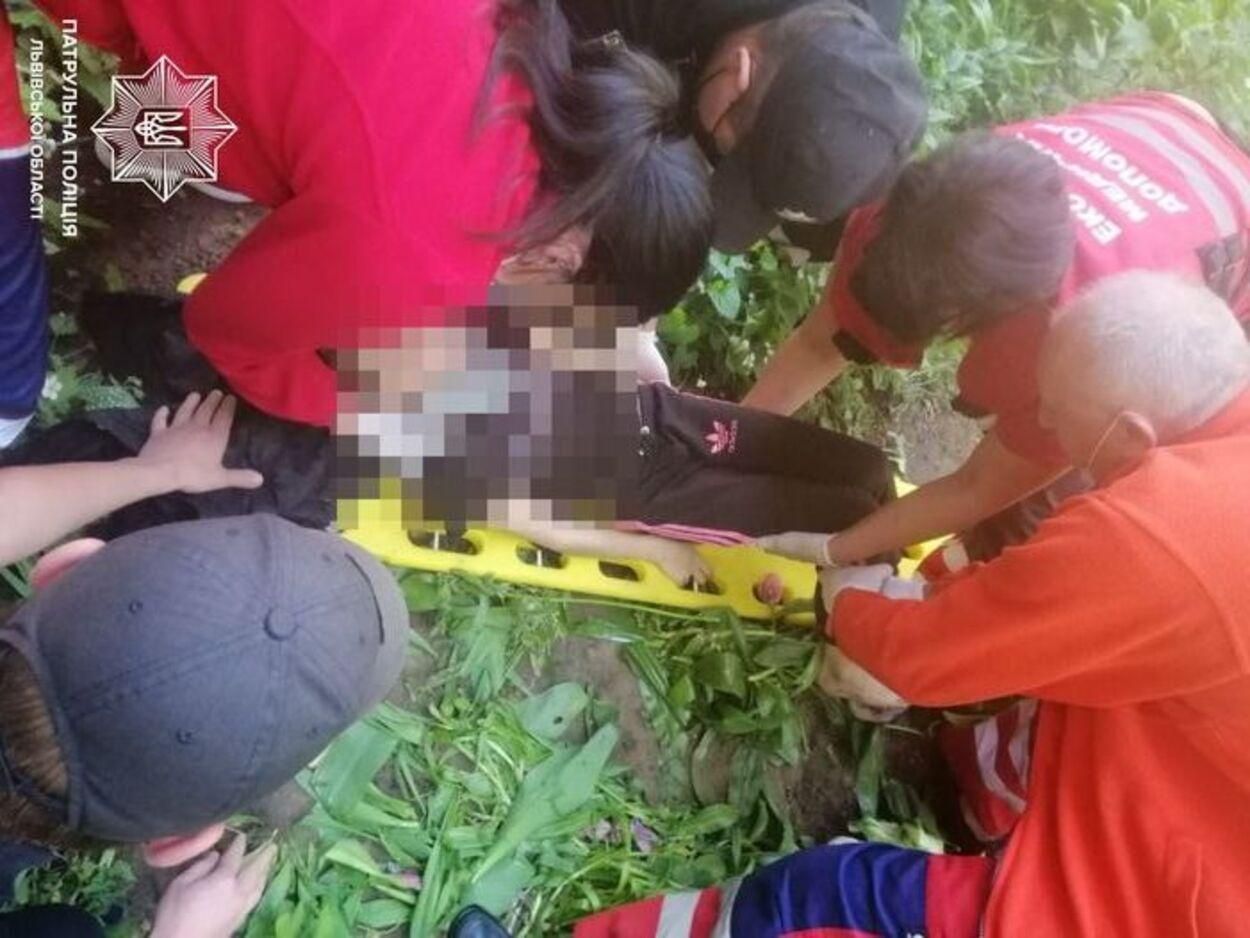 У Львові дитина випала з вікна багатоповерхівки: фото У Львові дитина випала з вікна багатоповерхівки: фото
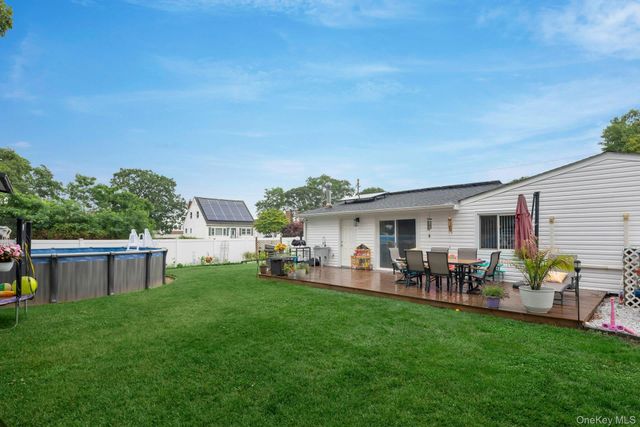 75 Presford Drive, Shirley, NY 11967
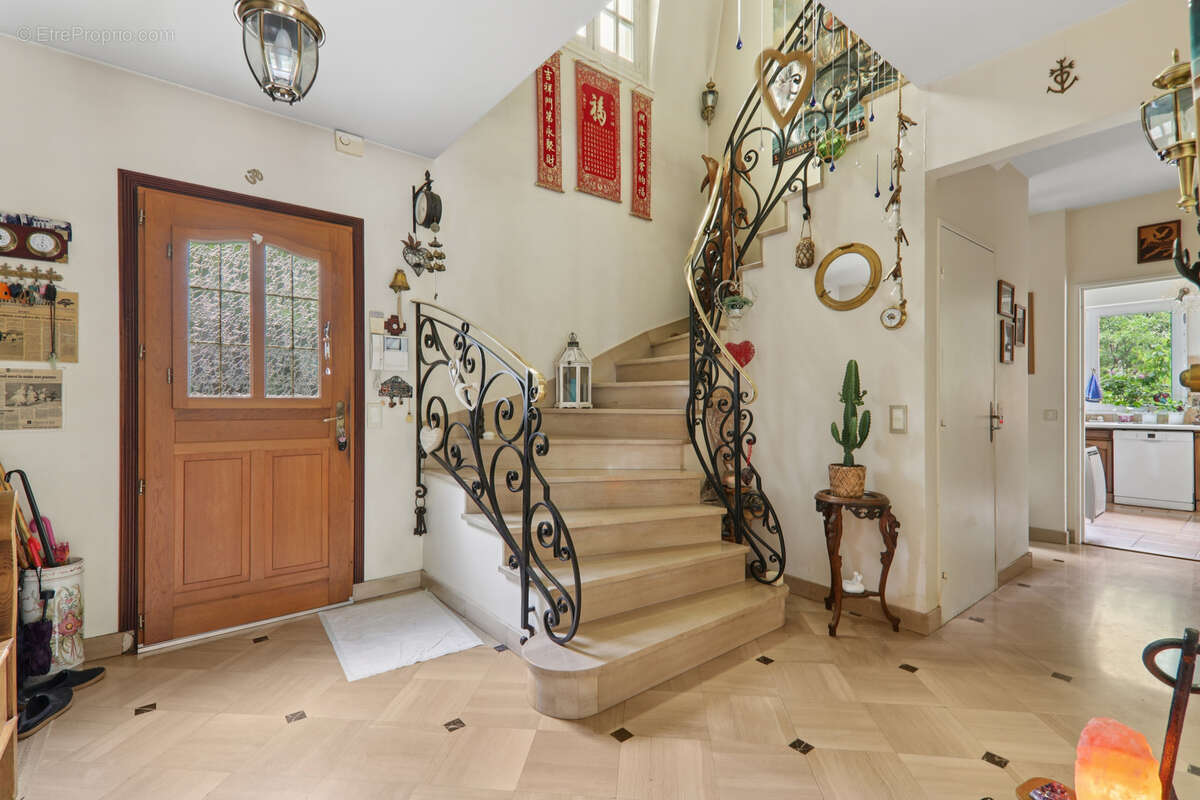 Maison à MAISONS-LAFFITTE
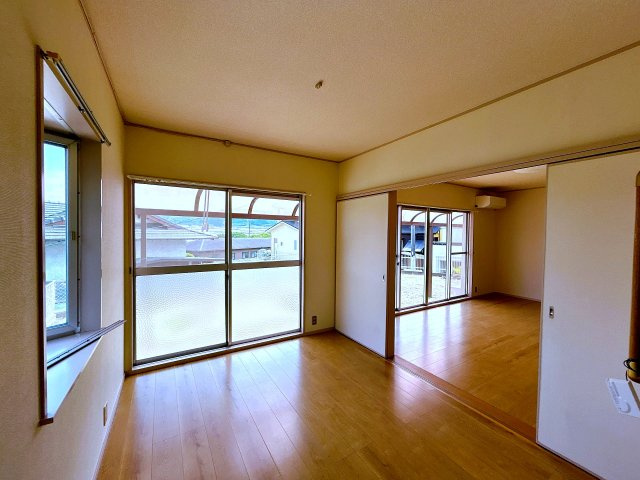 仲介手数料不要　カチタス北区植木町大和　積水ハウス施工4LDK土地86坪【菱形小・鹿南中】の居間・リビング|リビング：南側の大きな窓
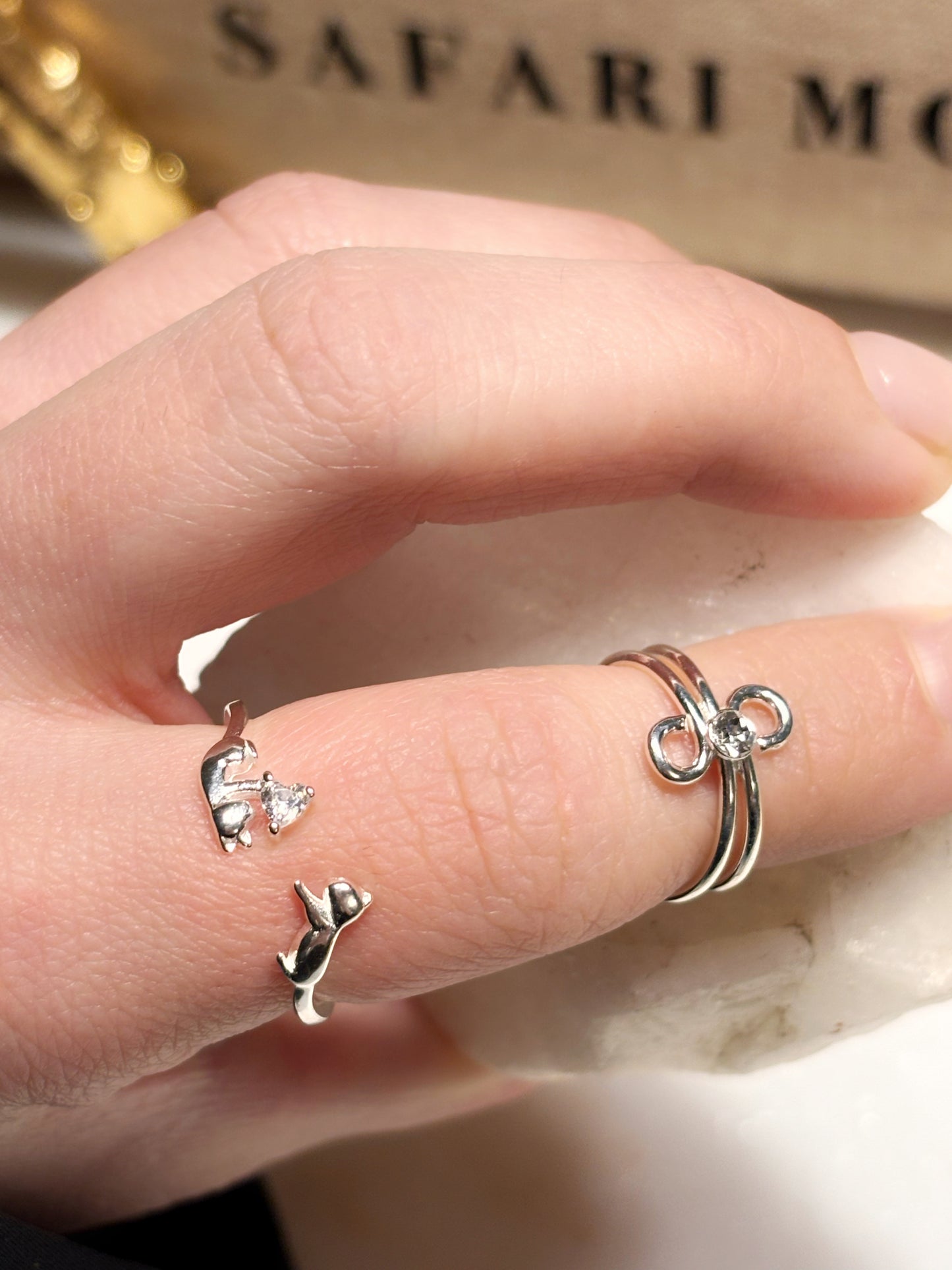 Anillo gatitos circón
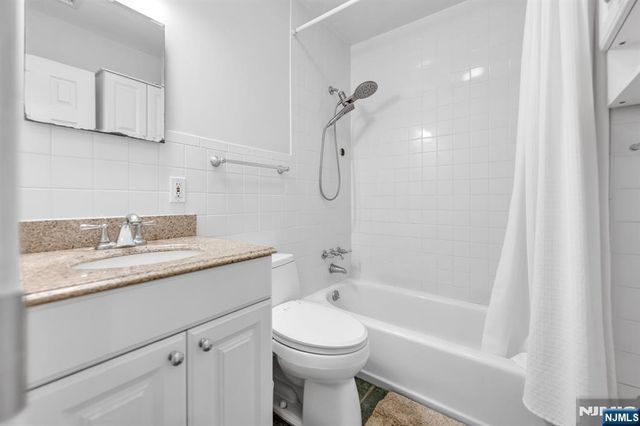 364 Knickerbocker Road, Cresskill, NJ 07626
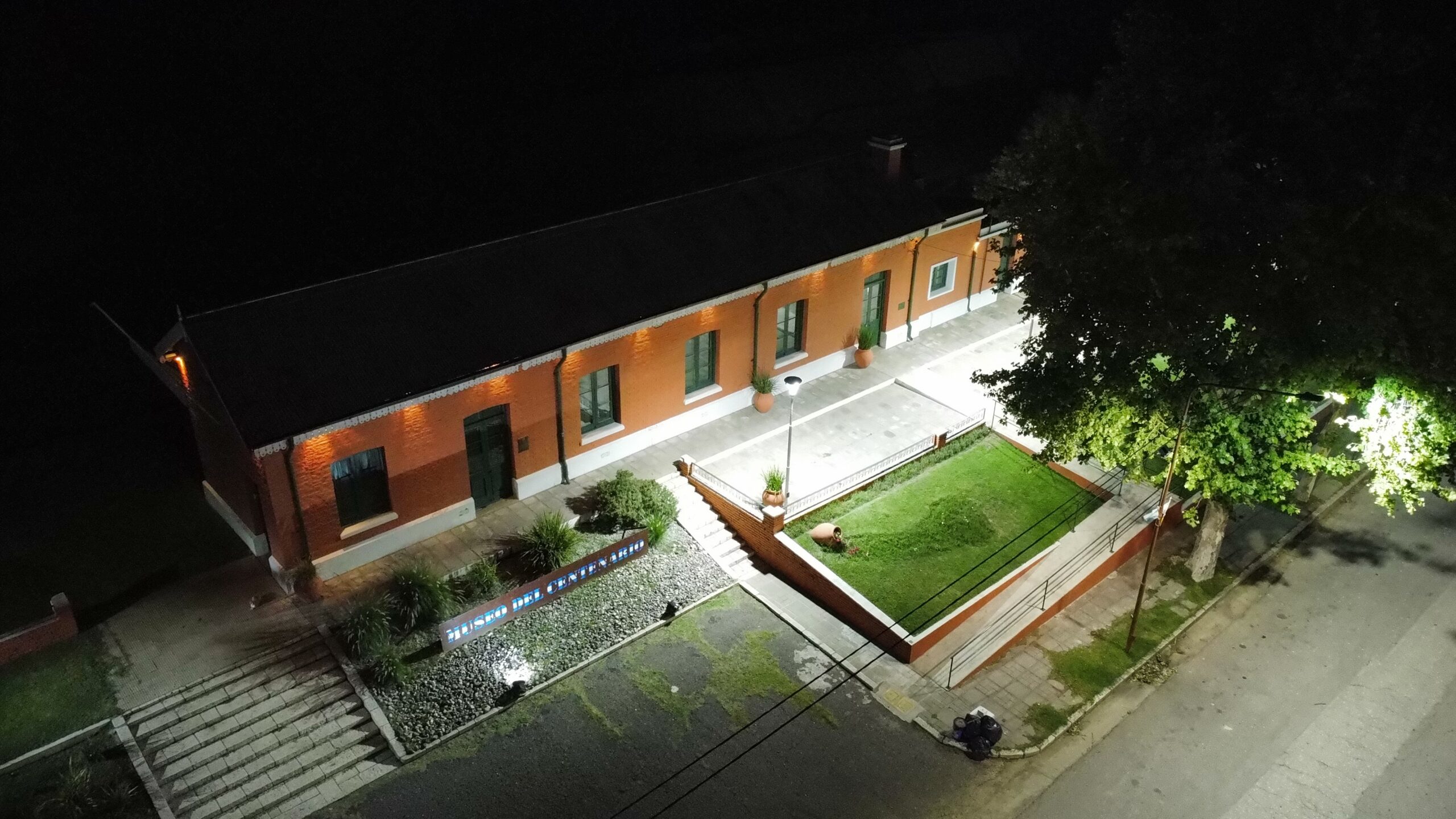 dji_fly_20241205_222840_441_1733449394445_photo_optimized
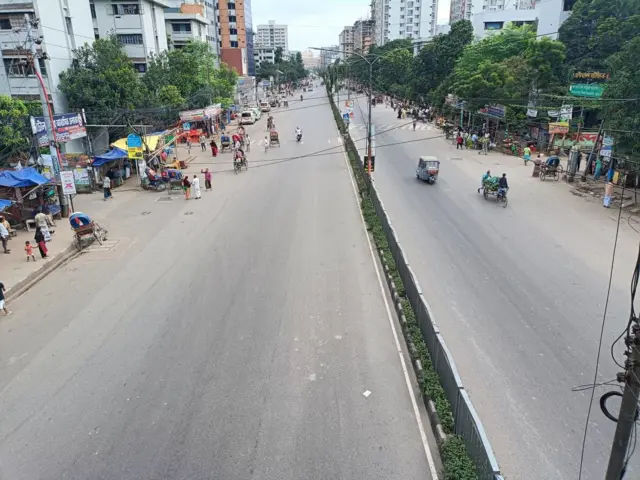 ঢাকার মিরপুর এলাকা সকাল ১০টার ছবি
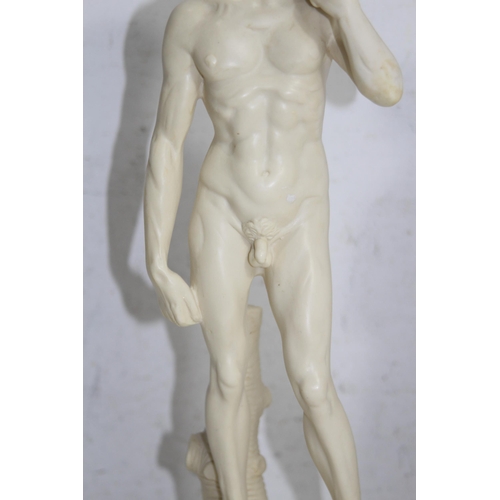 298 - QUANTITY OF CLASSIC STYLE FIGURES - 1 A/F
38CM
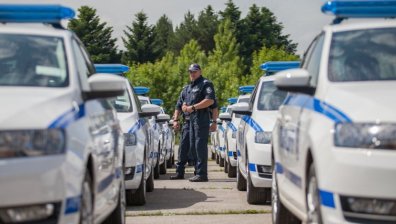 В София хванаха трима мъже в измама с внос на коли от САЩ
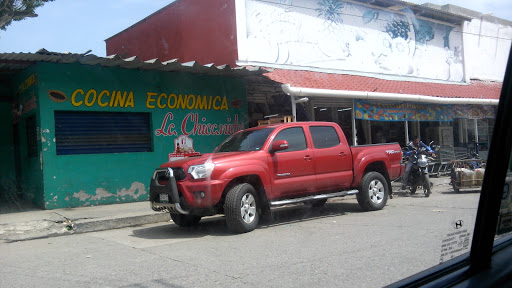 Abarrotera de Cosamaloapan, Centro, Fco I Madero 700, Centro, 95400 Cosamaloapan de Carpio, Ver., México, Tienda de ultramarinos | VER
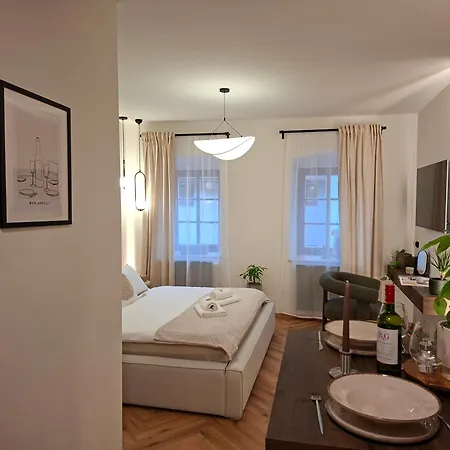 Old Town Living Чески-Крумлов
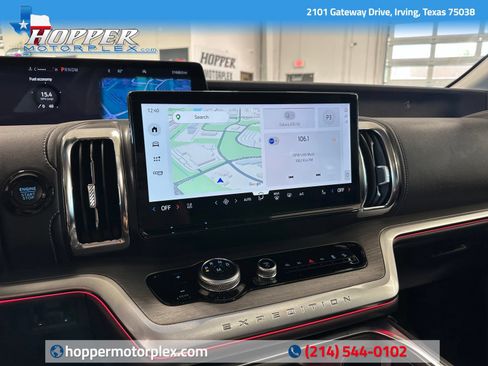 Used 2025 Ford Expedition Platinum AWD/4WD image 28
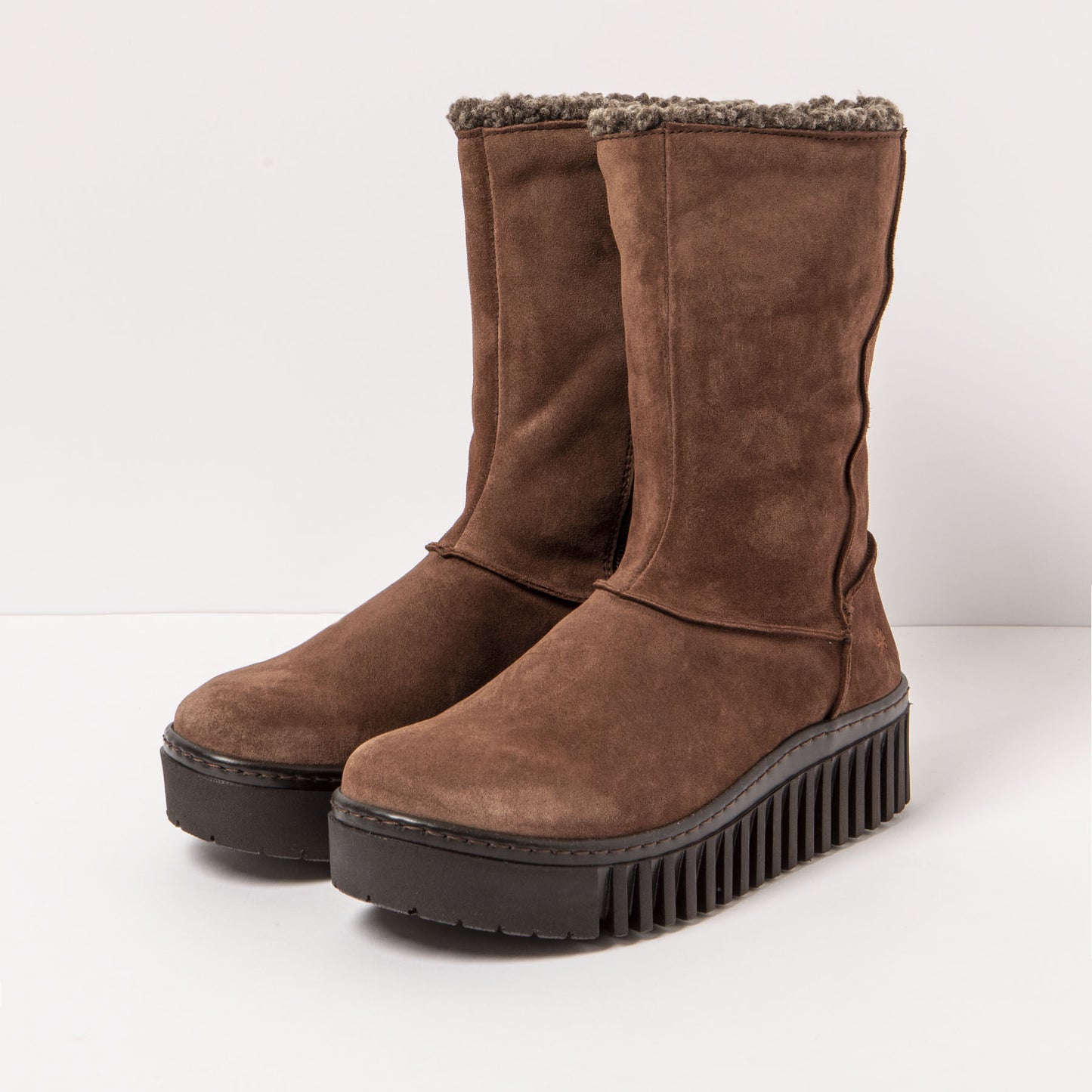 gid://shopify/Product/15785719071052_5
○ ○ ○ ○ ○ ○ ○
THE PROBLEM: In the records above, find the line containing "仲介手数料不要　カチタス北区" and the line containing "В София хванаха", then give both of them again word for word along with every line between. Omit any pictures.

ANSWER TO THIS TASK:
 仲介手数料不要　カチタス北区植木町大和　積水ハウス施工4LDK土地86坪【菱形小・鹿南中】の居間・リビング|リビング：南側の大きな窓
 Anillo gatitos circón
 364 Knickerbocker Road, Cresskill, NJ 07626
 dji_fly_20241205_222840_441_1733449394445_photo_optimized
 ঢাকার মিরপুর এলাকা সকাল ১০টার ছবি
 298 - QUANTITY OF CLASSIC STYLE FIGURES - 1 A/F
38CM
 В София хванаха трима мъже в измама с внос на коли от САЩ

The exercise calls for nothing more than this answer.